2007年8月30日(木)「しんぶん赤旗」

キヤノン

83人を直接雇用

偽装請負告発の組合員ら


 キヤノン宇都宮事業所(宇都宮市)で働く請負労働者が、違法な偽装請負で長年働かされているとして正社員としての雇用を求めていた事件で、キヤノンは二十九日、請負労働者八十三人に「期間社員」(期間工)として直接雇用を申し入れる方針を発表しました。

 請負労働者の大野秀之さん(32)=キヤノン非正規労働者組合宇都宮支部長=らが昨年十月、偽装請負を栃木労働局に申告し、正社員雇用を求めていました。大野さんら組合員は全員、直接雇用されることになります。
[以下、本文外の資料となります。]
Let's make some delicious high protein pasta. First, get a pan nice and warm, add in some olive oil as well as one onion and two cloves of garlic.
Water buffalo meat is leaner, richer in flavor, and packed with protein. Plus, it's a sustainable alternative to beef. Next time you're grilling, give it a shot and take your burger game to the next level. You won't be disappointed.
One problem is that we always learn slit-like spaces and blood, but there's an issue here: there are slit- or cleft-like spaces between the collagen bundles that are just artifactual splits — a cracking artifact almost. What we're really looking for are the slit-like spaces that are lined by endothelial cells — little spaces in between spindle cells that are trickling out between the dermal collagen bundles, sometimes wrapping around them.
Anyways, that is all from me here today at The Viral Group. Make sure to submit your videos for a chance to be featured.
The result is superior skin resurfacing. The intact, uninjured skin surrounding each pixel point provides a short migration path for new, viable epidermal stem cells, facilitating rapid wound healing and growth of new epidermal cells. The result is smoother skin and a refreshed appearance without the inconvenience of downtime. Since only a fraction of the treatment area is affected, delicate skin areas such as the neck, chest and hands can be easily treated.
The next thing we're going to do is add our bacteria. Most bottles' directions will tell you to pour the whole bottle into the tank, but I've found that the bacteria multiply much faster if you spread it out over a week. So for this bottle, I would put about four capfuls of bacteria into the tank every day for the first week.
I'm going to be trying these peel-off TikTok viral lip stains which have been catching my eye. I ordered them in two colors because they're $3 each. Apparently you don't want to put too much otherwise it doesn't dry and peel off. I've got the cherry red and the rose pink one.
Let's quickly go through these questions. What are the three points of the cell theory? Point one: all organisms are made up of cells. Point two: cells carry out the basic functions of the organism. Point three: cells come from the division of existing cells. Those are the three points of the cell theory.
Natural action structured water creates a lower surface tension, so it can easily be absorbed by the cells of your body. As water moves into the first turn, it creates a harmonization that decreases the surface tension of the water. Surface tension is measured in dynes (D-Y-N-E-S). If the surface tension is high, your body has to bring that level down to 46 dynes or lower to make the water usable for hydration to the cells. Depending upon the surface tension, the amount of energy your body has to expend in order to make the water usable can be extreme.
 キヤノングループでは偽装請負が各地で発覚。御手洗冨士夫日本経団連会長(キヤノン会長)は「請負法制を見直してほしい」と開き直っていましたが、労働者のたたかいで直接雇用を余儀なくされたものです。

 大野さんは「黙っていられないと労働組合をつくって立ちあがり、たたかってきた成果です。しかし、期限があり安定雇用にならないなど問題点があります。請負会社とキヤノンの契約が終わるので応じざるをえませんが、団体交渉や栃木労働局を通じて正社員化を求めて引き続きたたかっていく」と話しています。

 キヤノンは、偽装請負が告発された派遣元アイラインの労働者八十三人に対して、十月一日付で期間工として採用を申し入れます(すでに一人は期間工として採用ずみ)。これには、離職した十九人も含まれます。

 契約期間は当初五カ月で、最長二年十一カ月まで更新。正社員への登用試験もあり、合格すれば正社員として働くことも可能としています。

 偽装請負は、実態は派遣なのに請負契約を装って、派遣期間の制限(現行三年、当時一年)を超えて働かせる違法行為。

 派遣法では、期間制限を超えて働かせる場合、派遣先は労働者に直接雇用を申し込まなければなりません。政府は「必ず長期雇用を申し込まなければならない義務がある」(柳沢伯夫前厚生労働相)としており、期間工にとどまらず、正社員化が求められます。

 栃木県庁で記者会見したキヤノンの諸江和彦常務は「労働局への申告から十カ月が経過し、直接雇用への社会の関心、キヤノンに対する注目を考慮して、事態の早期解決を図るため直接雇用の申し入れを行うのが最善と判断した」とのべ、偽装請負の是正を迫られたことを説明しました。